I did let him defend himself a couple times with larger dogs...and he did get a hold of a couple small dogs "in the woods, and at the park", dogs that ran up from behind us and tried molesting him.

its amazing to me when some idiot lets his dog run off twice, and finally get crunched on like an oyster cracker, and then blames the guy whos walking a dog onleash that is pretty well trained as long as he is not being "assaulted" by other dogs.
It was satisfying to see the irate guy get a leash ticket when HE called the cops on ME.

that last dutchie I had was actually attacked more times than I can count...luckily the dogs were all under 20 lbs.

I would be pissed if I was in the woods and had to break up a dogfight because of some irresponsible owner..


----------



## Larry Krohn (Nov 18, 2010)

We had a 80 pound mixed breed when I was a teenager.

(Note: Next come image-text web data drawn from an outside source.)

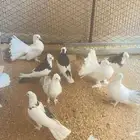 حمام حمام مشكل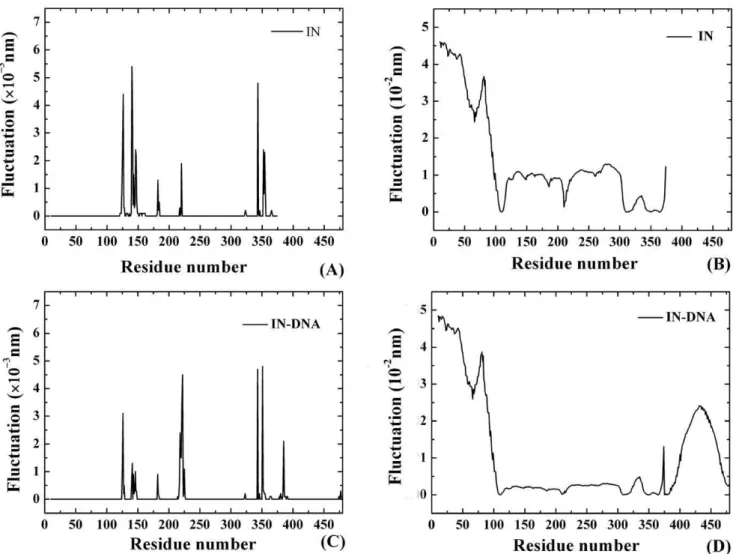 Figure 3. The fast and slow motion modes of PFV IN and IN-DNA systems. (A) Fast motion mode of IN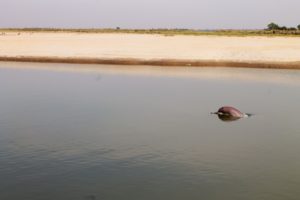 Spotting the elusive Indus river dolphin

Toughest dog I've ever been around and loved people to death. My dad was walking him on a leash when an off leash german shepherd attacked my dog on leash. My dog killed the shepherd and the owner actually sued my dad, he lost but he tried.


----------



## Catherine Gervin (Mar 12, 2012)

hey, arguably the toughest mammal on Earth is a 44lb fighting APBT--they have absolutely no trouble dispatching much larger animals.
also, it's a nebulous thing suing over the death of pet dogs at the "hands" of other pet dogs. it's a paltry percentage of the law that considers them anything but property, and property has a monetary value, not an emotional one, unless you are talking about classical works of art.
there was this very cool article recently in the NY Times about a lawyer trying to sue on behalf of animals as though they were humans in the eyes of the law, as in, deserving of the same rights and therefor entitled to protection from suffering. wildly experimental and cool stuff, but i digress.


----------



## Larry Krohn (Nov 18, 2010)

Not really sure how this post got here but still dog related so it's ok lol. By far the toughest dog on the planet is a Turkish Kangal, bar none, trust me. I have had the privilege of training a few but unfortunately most of the dogs that come to me are for aggression rehab. A buddy of mine was so impressed with two that I was keeping at my house he found a breeder and got a puppy. The dog is now a beast, a great dog but a beast. He lives on five acres and the dog hangs with ducks and chickens all day. His neighbor continues to let their dogs roam free and go after the ducks and chickens. My friend being very responsible is killing himself trying to keep his neighbors dogs away so they don't get killed. I never want to see any dog get hurt but there comes a time where you have to just worry about your own dogs and property and let the dumb ass owners figure it out the hard way


----------



## Joby Becker (Dec 13, 2009)

I have a pretty reliable report of one of those big Russian dogs coursing a wolf in Russia and tearing its head clean off on the run....:-o

and catherine, the toughest dog is not a 44 lb pit.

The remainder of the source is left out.